In Texas, you can make your own parking signs and share them with your neighbors and totally get away with it, at least that’s how it looks. Texas Court of Criminal Appeals Judge Larry Meyers tried it out and suffered no consequences besides a warning from enforcement officers and probable embarrassment at the hands of the media.
Installing a parking or traffic sign on a public street without permission is a violation of a city ordinance, City Attorney Sarah Fullenwider said Monday. City officers first warned Meyers and gave him until Thursday to take them down, Bennett said, but then went ahead and removed the signs.
So Meyers didn’t even have to take down the illegal signs himself – enforcement officers did it for him, reports star-telegram.com.
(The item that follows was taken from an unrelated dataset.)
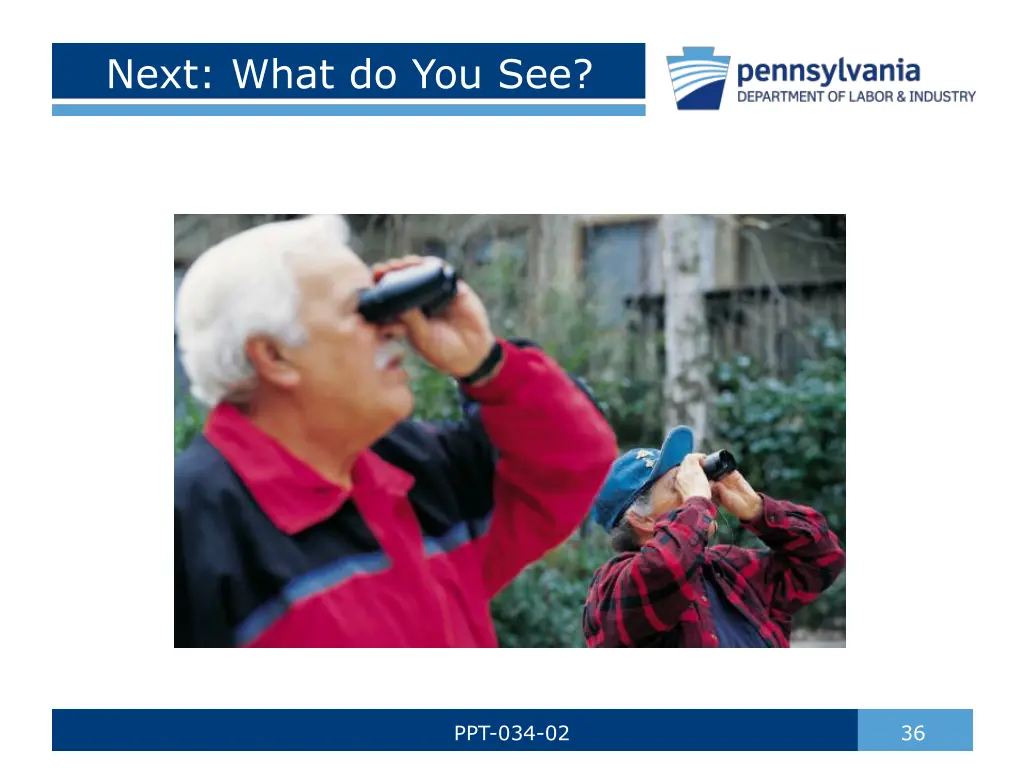 next what do you see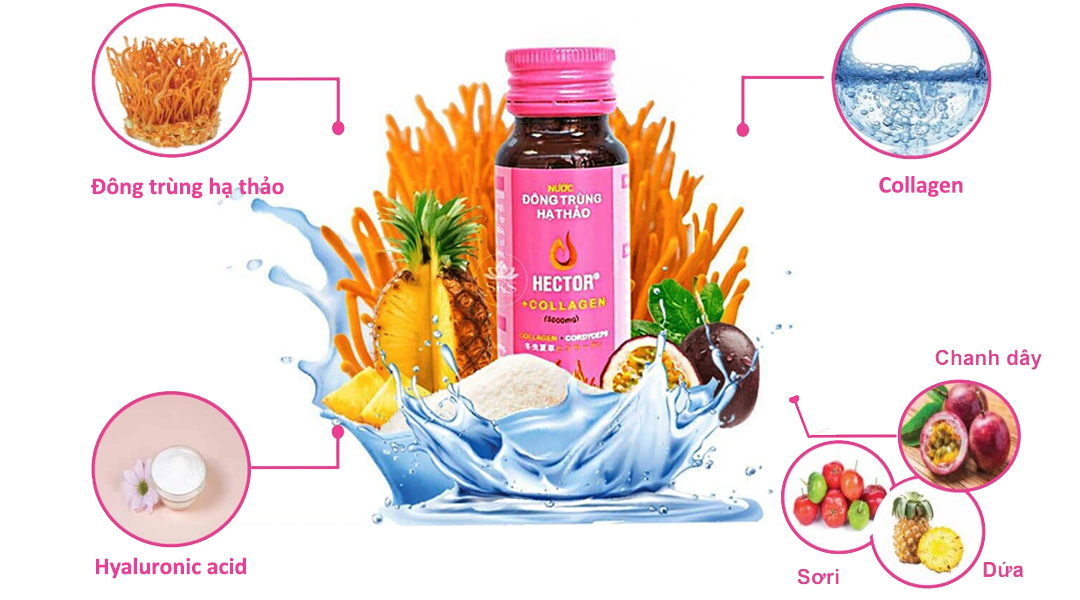 Đông trùng hạ thảo dạng nước có tốt không? Sản phẩm nào tìm mua nhiều hiện nay? - Ảnh 3.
Parking Code Compliance Director Brandon Bennett said Meyers will be cited if he repeats the offence.
Meyers has been a judge in Texas since 1992, so it’s hard to believe he doesn’t know anything about the legal preliminaries of the installation of street signs. He claims the signs were needed because Texas Christian University students are parking in his neighborhood.
The eight commercially made signs warned, “No parking anytime,” “Tow-away zone” and “Resident parking only,” but lacked identifying city tags on the back.
As far as politics go, this might not have been Meyers’ best idea. He’s the only statewide democrat in office in Texas and is running for reelection this year. His neighborhood homeowner’s association isn’t supporting his actions and his opponent is enthusiastically using the incident against him in her campaign.
Read the article here.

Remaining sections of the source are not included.